Luige del Puerto//November 5, 2012//[read_meter]
A coalition of Democratic groups and unions, including the state’s largest teachers’ association, funded two political committees that have spent more than $1 million against five Republican candidates for the Senate in the last few weeks.
Arizona Accountability Project and Revitalize Arizona, which were created last September, collected more than $1 million by Oct. 25, their finance reports showed.
The impressive haul confirmed what some suspected — that organized labor is flexing its muscle and is trying to take out Republicans who are running in competitive districts to create a more labor-friendly atmosphere at the state Capitol.
The GOP-led Legislature has targeted unions in the last few years.
In the last session, Republicans approved legislation to allow the state to more easily fire its workers. They also tried to prohibit automatic paycheck deductions for union dues, which unions saw as a blunt attempt to hit their bottom line.

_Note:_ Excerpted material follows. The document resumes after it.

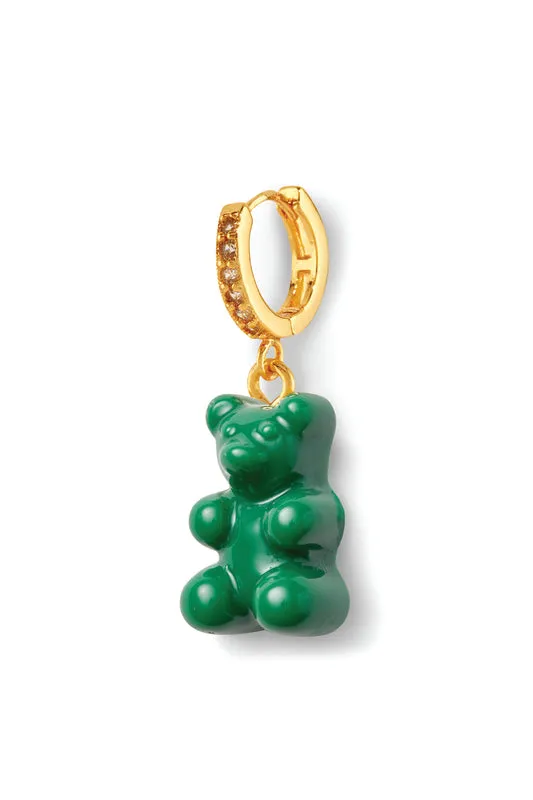 Crystal Haze Jewelry Earrings Nostalgia bear hoop Vegan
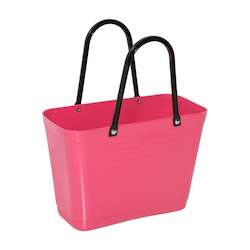Small Tropical Pink Hinza Bag - Green Plastic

Some Republicans even tried to end unions’ rights to negotiate over salary and working conditions.
The Arizona Accountability Project and Revitalize Arizona used contributions from the labor groups to attack Sen. John McComish, R-Phoenix, Sen. Frank Antenori, R-Tucson, Sen. Jerry Lewis, R-Mesa, Rep. Chester Crandell, R-Heber, and businessman Joe Ortiz, a Republican from Casa Grande.
The two committees’ level of spending is unprecedented in state history, prompting an officer of Arizona’s business chamber to say the unions have declared “war.”
The groups raised labor money through two other independent expenditure committees — Residents for Accountability and Revive Arizona Now.
These two groups provided Arizona Accountability Project and Revitalize Arizona some degree of anonymity for many weeks.
In attacking Republican candidates, the two groups complied with reporting requirements by saying their major funders were Residents for Accountability and Revive Arizona Now.
The latest campaign finance reports confirmed that their contributors are mostly union organizations.
Among Revive Arizona Now’s funders are Great Schools Now, which contributed $50,000 and is the Arizona Education Association’s independent expenditure arm; the National Education Association, which gave $266,000; the Southwest Regional Council of Carpenters, which contributed $100,000; and, the United Food and Commercial Workers International Union, which gave $50,000.
Mi Familia Vota, a Latino advocacy group, and Arizona List, which seeks to elect pro-choice Democratic women to office, also contributed $50,000 and $5,000 respectively.
A political arm of Democratic lawmakers, Building Arizona’s Future, also gave $20,000.
Meanwhile, the finance reports showed that Arizona Pipe Traders 469, a local union, provided the bulk of the funding to Residents for Accountability, which then contributed money to Revitalize Arizona, the group that went after GOP candidates.
According to its pre-general election report, Residents for Accountability’s biggest contributor is the Arizona Pipe Traders 469, which gave $587,000.
Other funders included the Arizona Professional Firefighters, which gave $30,000, and the Washington, D.C.-based International Brotherhood of Electrical Workers, which gave $100,000.
Some Capitol observers said organized labor is taking a huge gamble and is courting a backlash by attacking Republicans, especially if they lose their bet.
The critics surmised that the attacks only serve to alienate potential allies.
But Democratic lawmakers and sources who are intimately familiar with the strategy said the unions are tired of playing nice, and that political subtlety hasn’t stopped an avalanche of anti-union measures in the last few years.
They said Republicans declared a war on organized labor and that with their backs against the wall, the unions are forced to fight back. This time, they’ve gone to battle with the best attacks ads money can buy.
A source with firsthand knowledge of the union-backed groups’ strategy earlier told the Arizona Capitol Times that Republicans’ anti-union, anti-welfare and anti-women agenda is to be blamed for the unions’ ferocious response.
“Because of the extreme nature and the reckless behavior of the Republican majority over the last several years, they have now made Arizona a battleground state,” the source said.
“The thing that they (Republicans) haven’t realized yet is that time is not on their side,” the source said, adding the shifting demographics in Arizona and a galvanized organized labor will chip away at the GOP’s influence over the years.